I have a task I need to automate: log into a website, navigate to a specific page, and extract table data. Straightforward stuff.
I’ve got two options. Option one: use a ready-made template from a marketplace, customize it for my needs. Option two: build the whole thing from scratch in a visual builder.
On paper, templates should be faster. But I’m wondering if the time I save on initial setup gets eaten up by customization. Like, if the template was built for a different site’s structure, how much work is it really to adapt it?
Has anyone actually used templates for this kind of task? Did it genuinely save time, or did you end up rewriting most of it anyway?
Templates absolutely save time if you pick one that’s close to your use case. I’ve used marketplace templates for login and data extraction scenarios, and it cuts development time by at least 50% compared to building from scratch.
The key is that templates give you the workflow structure already figured out. Instead of designing the flow yourself, you inherit the logic and just swap in your specific selectors and endpoints. Most templates are built with customization in mind, so they’re already set up to handle variations.
With Latenode, templates are visual workflows, not black box code. You can see exactly which parts might need tweaking before you even start. If the template uses a generic selector for “login button”, you just update that step to your site’s selector. Takes minutes, not hours.
For something like “login and extract table data”, there’s probably a template already in the marketplace that does 80% of what you need. Customizing it is way faster than building from zero.
Templates genuinely save time for standard tasks. I’ve used them for login flows and data extraction. The payoff is that you get the error handling and retry logic already built in. You don’t have to think about what happens if the page loads slowly or the selector doesn’t match.
With my first automation, I built from scratch and forgot half the edge cases. With templates, that thinking is already done. You inherit battle-tested logic and just adapt it to your site.

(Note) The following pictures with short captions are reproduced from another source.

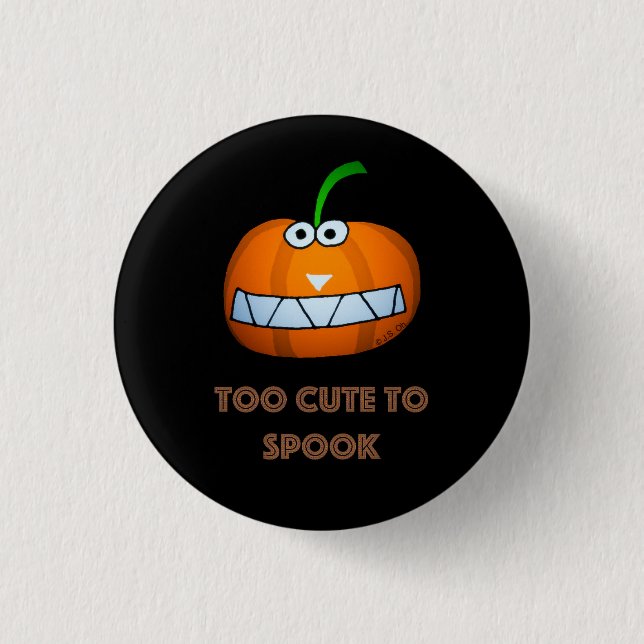 cute Halloween pumpkin with funny face 3 Cm Round Badge (Front)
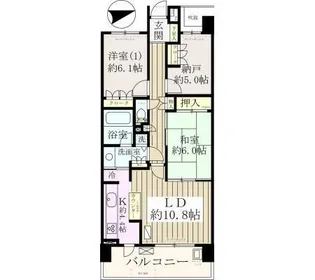パークスクエア船橋【6階】の間取り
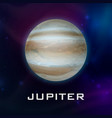 planet jupiter 3d realistic space vector image vector image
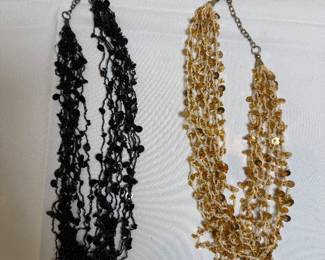 Sequin Multi-Strand Necklace Lot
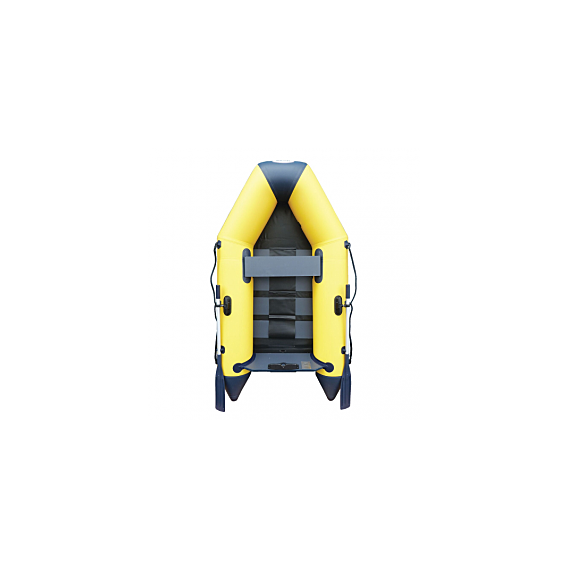 WavEco, 2.50m Yellow WavEco Ultra inflatable boat with a solid transom & slatted Floor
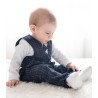 WHITE/NAVY HANDMADE BABY BOY CHRISTENING SUIT STYLE FRAN BIS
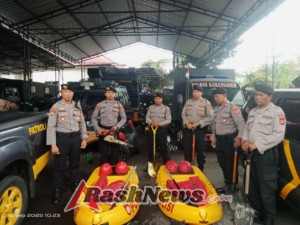 Sat Samapta Polres Karangasem Gelar Pengecekan Kesiapan Personel dan Peralatan SAR Antisipasi Bencana Alam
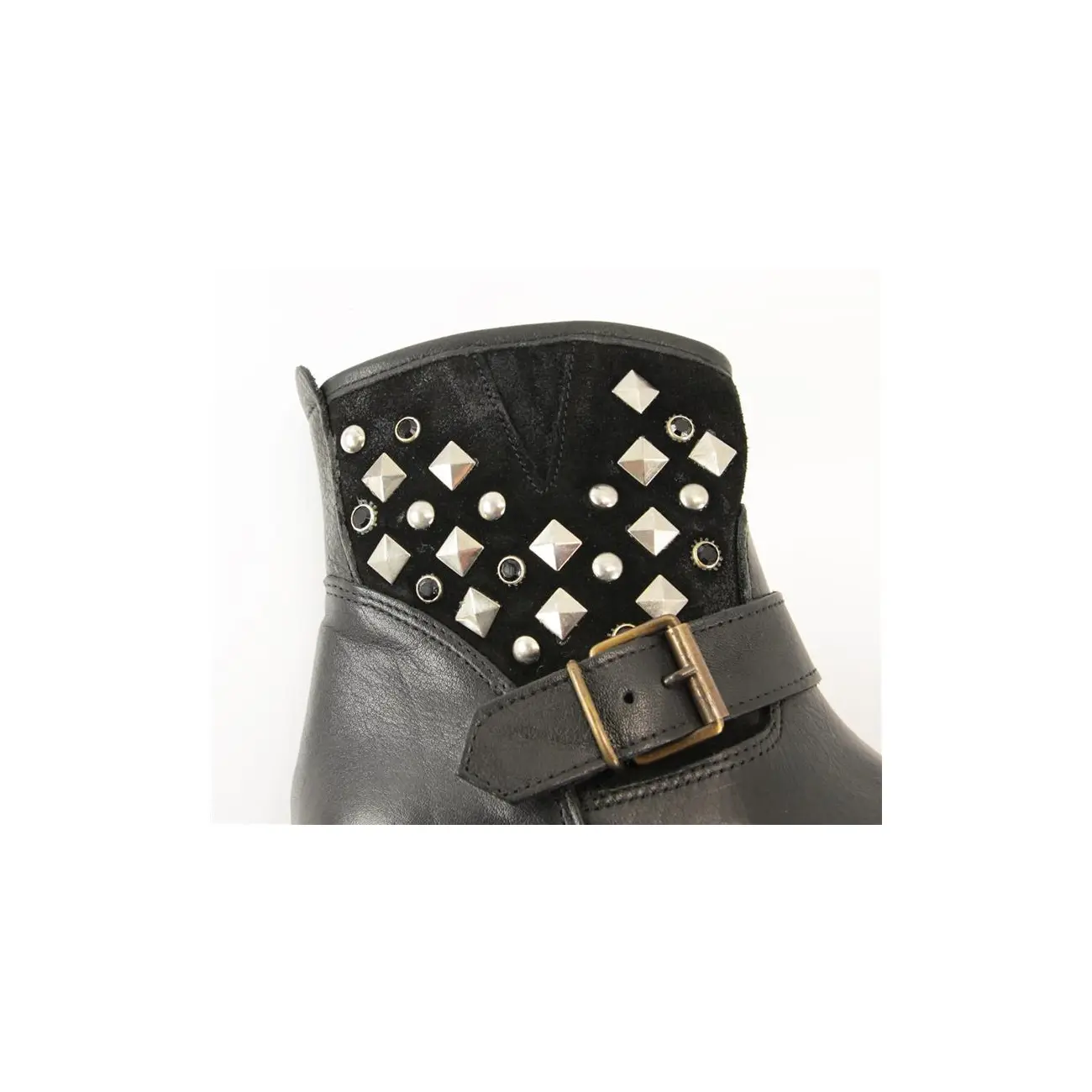 Ovye By Cristina Lucchi Echt Leder Stiefel Stiefeletten Schuhe Ankle Boots Biker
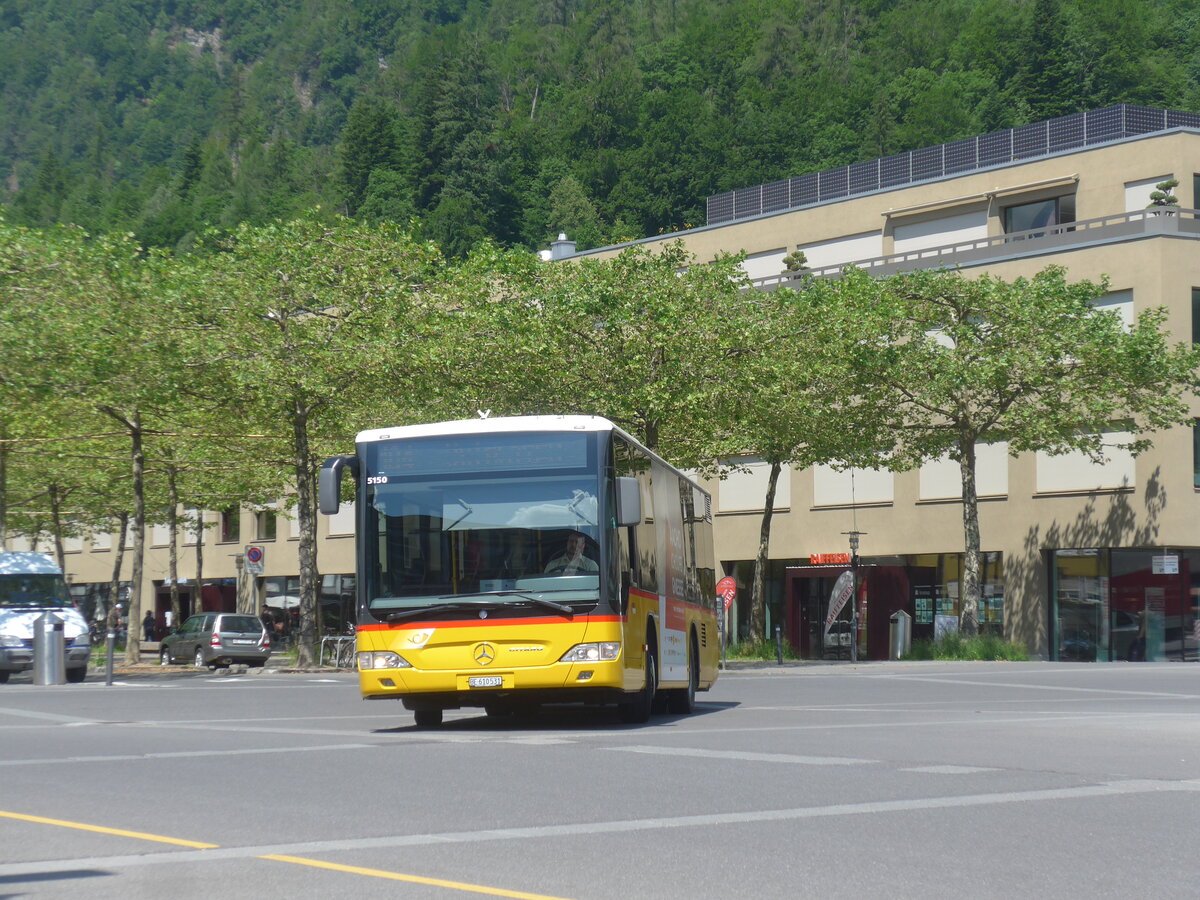 (225'845) - PostAuto Bern - BE 610'531 - Mercedes am 11. Juni 2021 beim Bahnhof Interlaken Ost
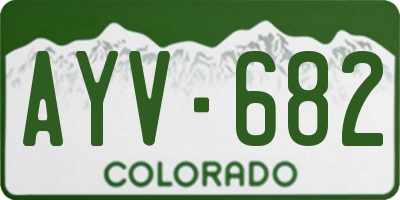 CO license plate AYV682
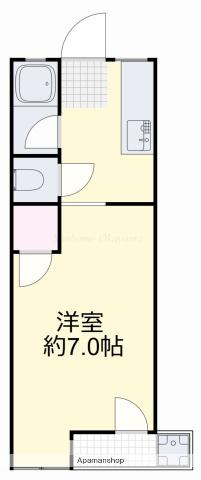岸本コーポB(1K/2階)の間取り写真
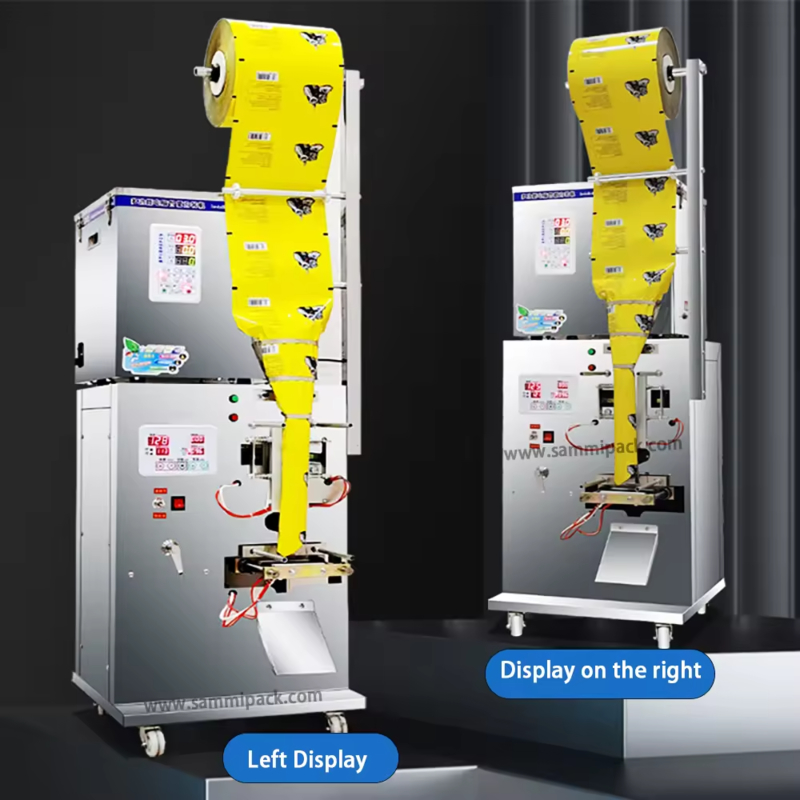 Máquina de Embalagem de Sachês de Chá, Café e Açúcar com 3 Lados de Vedação, Fácil Operação e Ajuste Automático
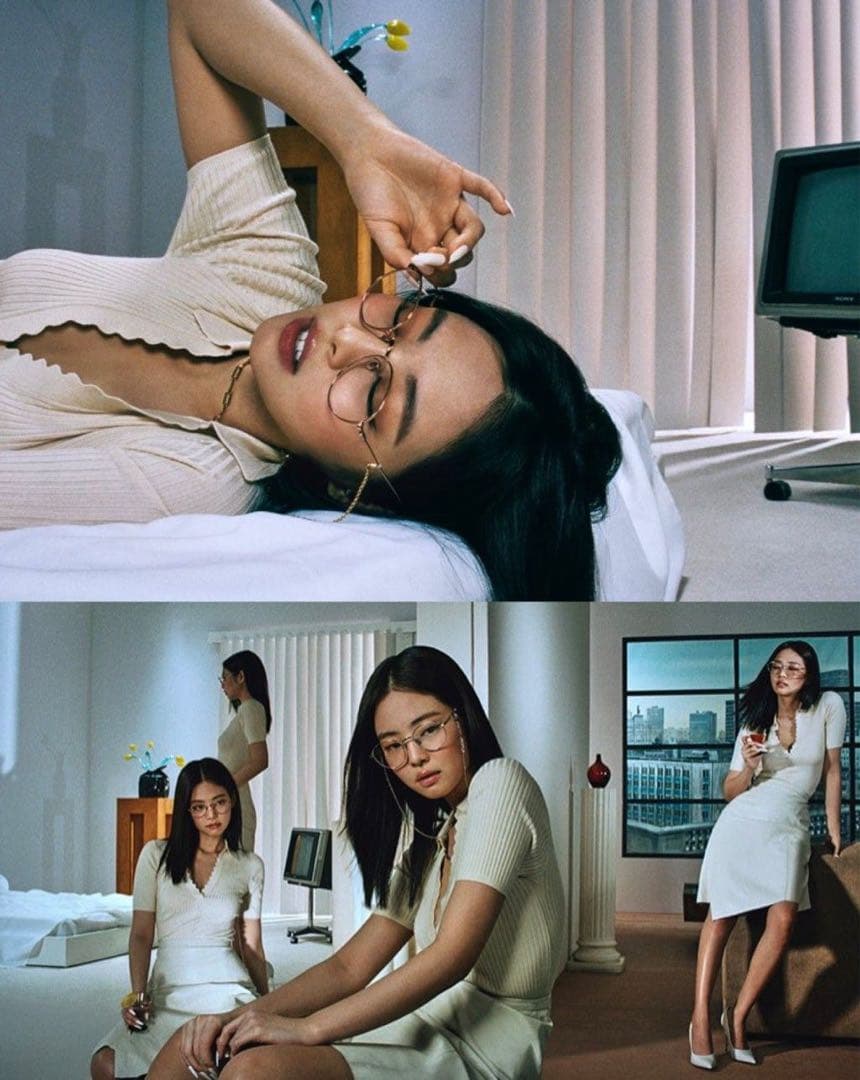 GENTLE MONSTER ジェニコラボ　ゴールドオーバルメガネ　ケース付き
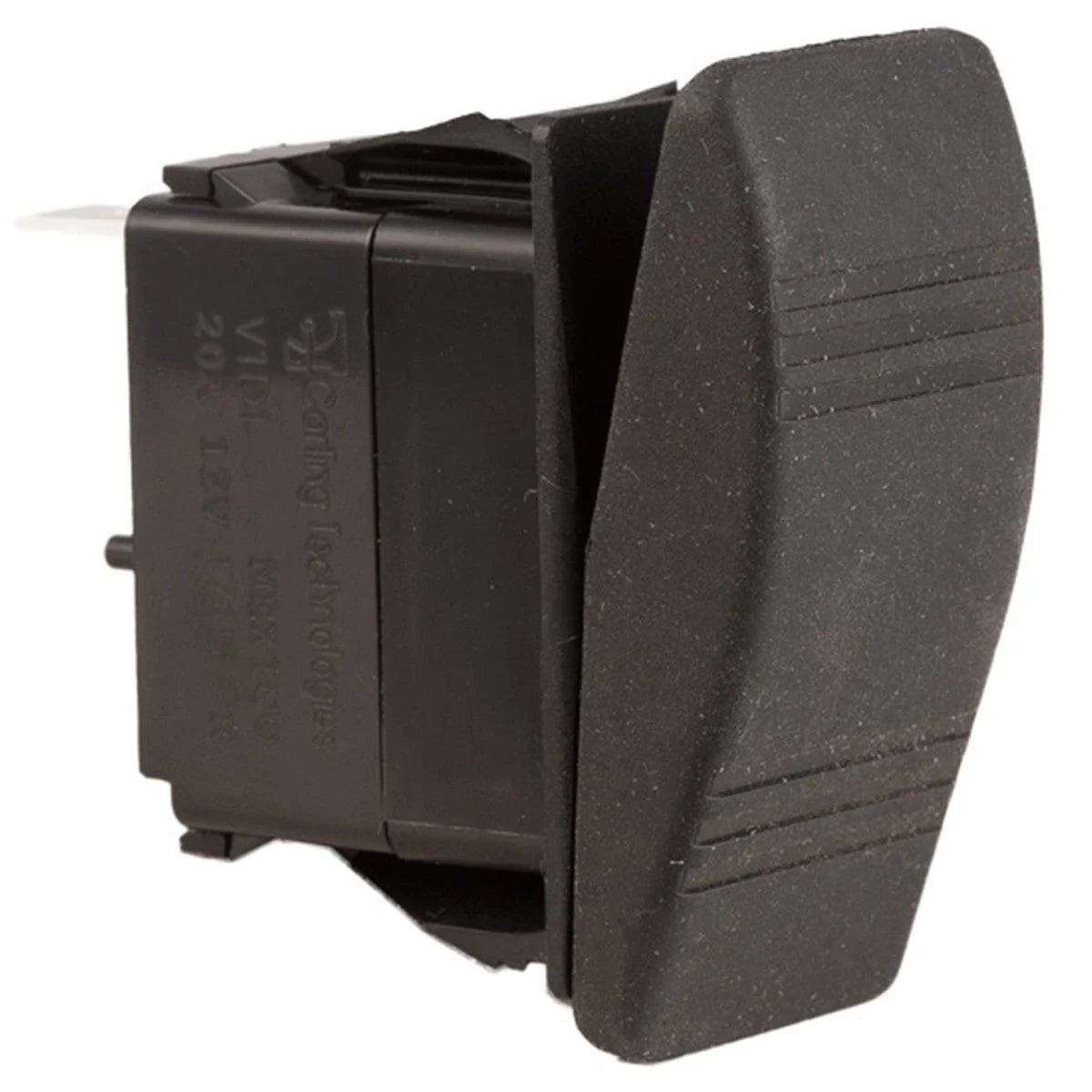 K4 MOMENT ON-OFF-MOMENT ON Contura III Sealed Switch W/Soft Touch Black Actuator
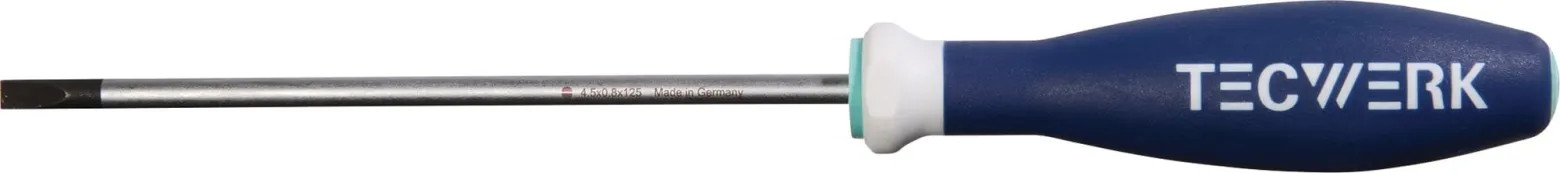 Schraubendreher Schneiden-B.4,5mm Klingen-L.125mm 3K-Griff Rundkl.TECWERK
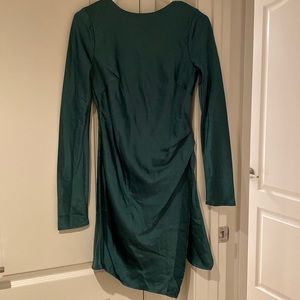 Sage + Paige Mysterious Muse Dress/ Forest Green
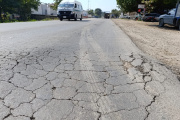 Pésima obra de la carretera en Pakal-Ná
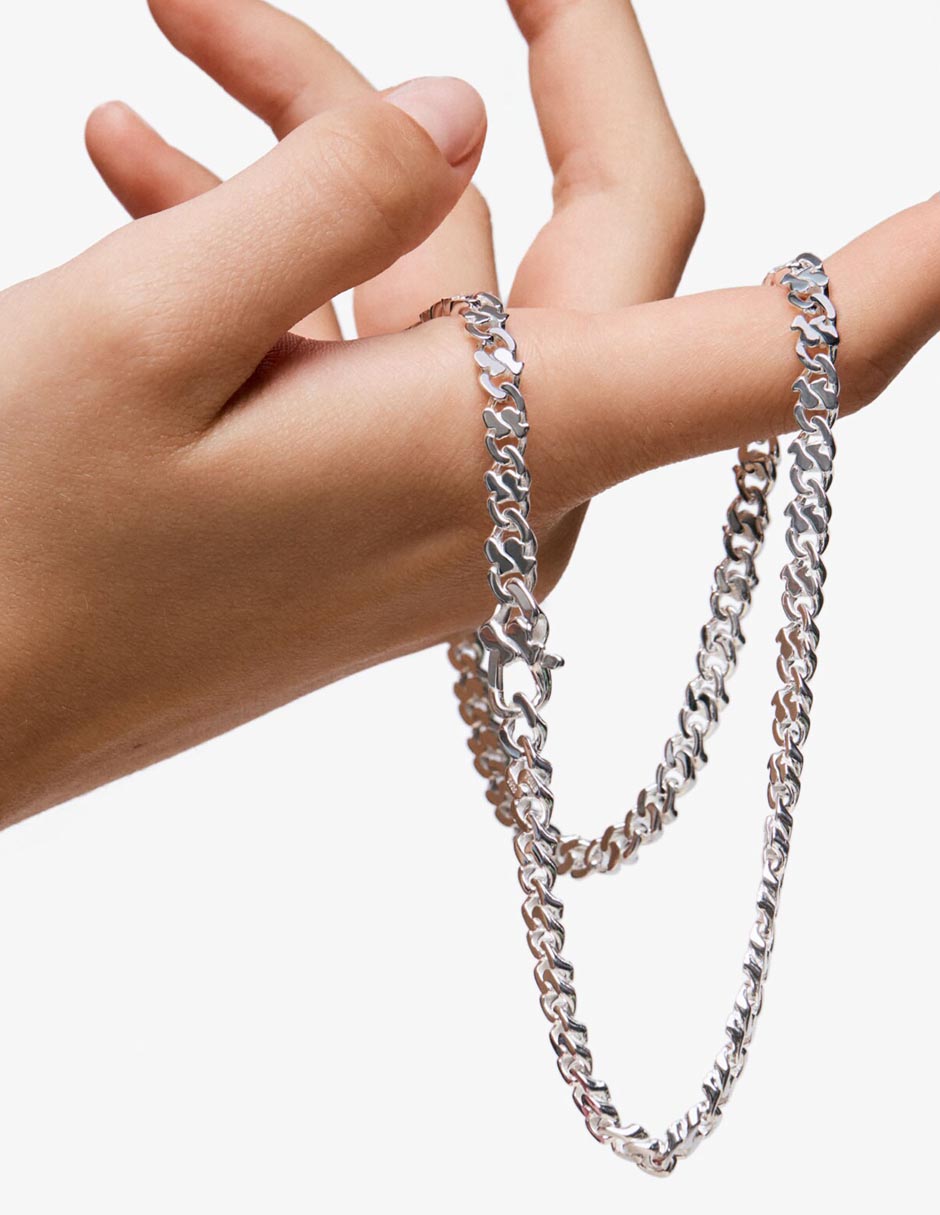 Collar de circular tous bear´s chain de plata p 925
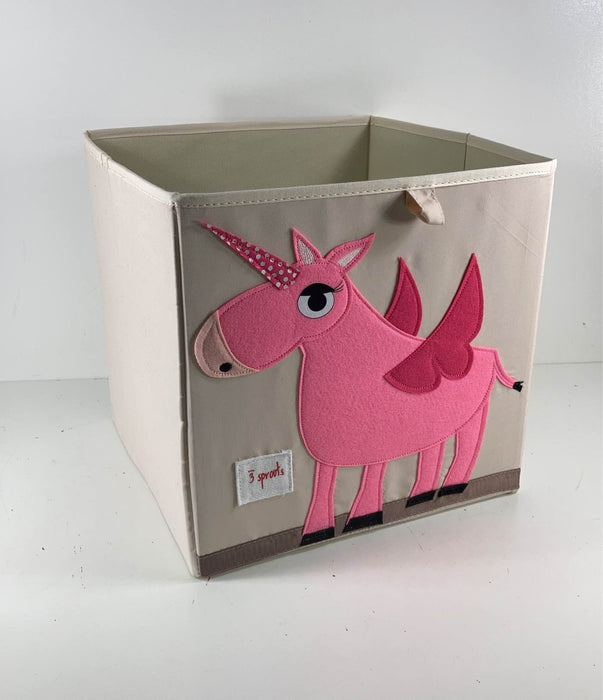 secondhand 3 Sprouts Storage Box, Unicorn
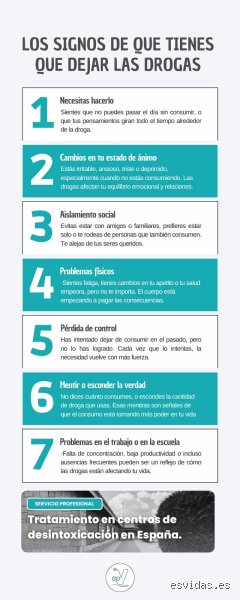 ¿Cuál es la mejor forma de dejar de consumir drogas?
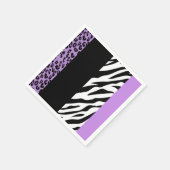 Serviette En Papier Empreinte de léopard, Zebra Print, Poster de anima (Coin)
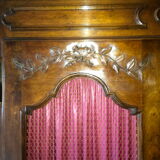 Solid cherry bookcase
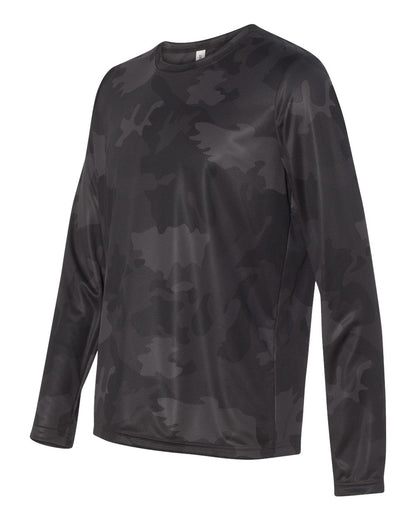 Unisex Performance Long-Sleeve T-Shirt - Black Laser Camo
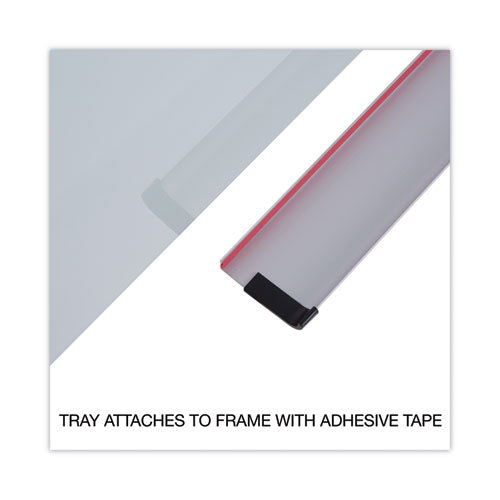 Frameless Glass Marker Board, 72 X 48, White Surface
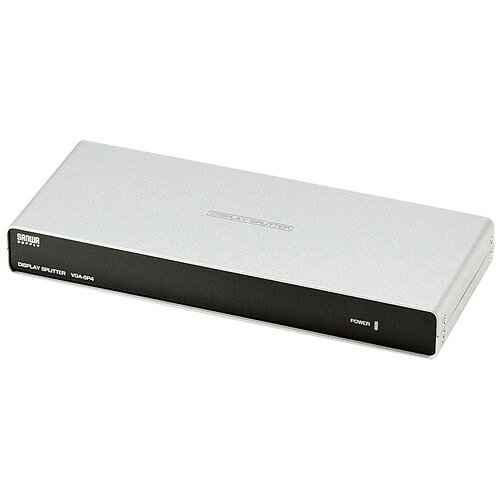 ★ポイント最大16倍★【送料無料】-ディスプレイ4分配器 VGA-SP4　サンワサプ 品番 VGA-SP4 jtx 337152-【ジョインテックス・JOINTEX】JAN 4969887592199 メーカー在庫品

The customization part is usually just updating selectors and maybe the target URL. If the template and your target site have similar structure, you’re done in maybe 30 minutes. Where templates fall short is if your site is structurally very different. Then you end up modifying so much that the template advantage disappears.
Templates save significant time for login-and-extract workflows because those are well-established patterns. I’ve used templates for similar tasks and the main advantage is that the workflow structure is already designed. Instead of figuring out sequencing, error handling, and flow logic, you focus on making it work with your specific site. Customization usually involves updating a few selectors and maybe adding conditional logic if your site has unusual elements. I’d estimate templates cut time by 40-60% for straightforward tasks. They become less valuable if your site has complex interactions or non-standard structure.
Template adoption efficiency depends on structural similarity between the template source and your target site. For standardized tasks like login and table extraction, templates provide significant value because the control flow and error handling patterns are generic. Customization effort scales with structural divergence—if your site uses similar DOM patterns, customization is minimal. If your site significantly differs, you may spend more time adapting the template than building from scratch. Evaluate template flexibility before committing. Look for templates with parameterized selectors and conditional branching that accommodates variations.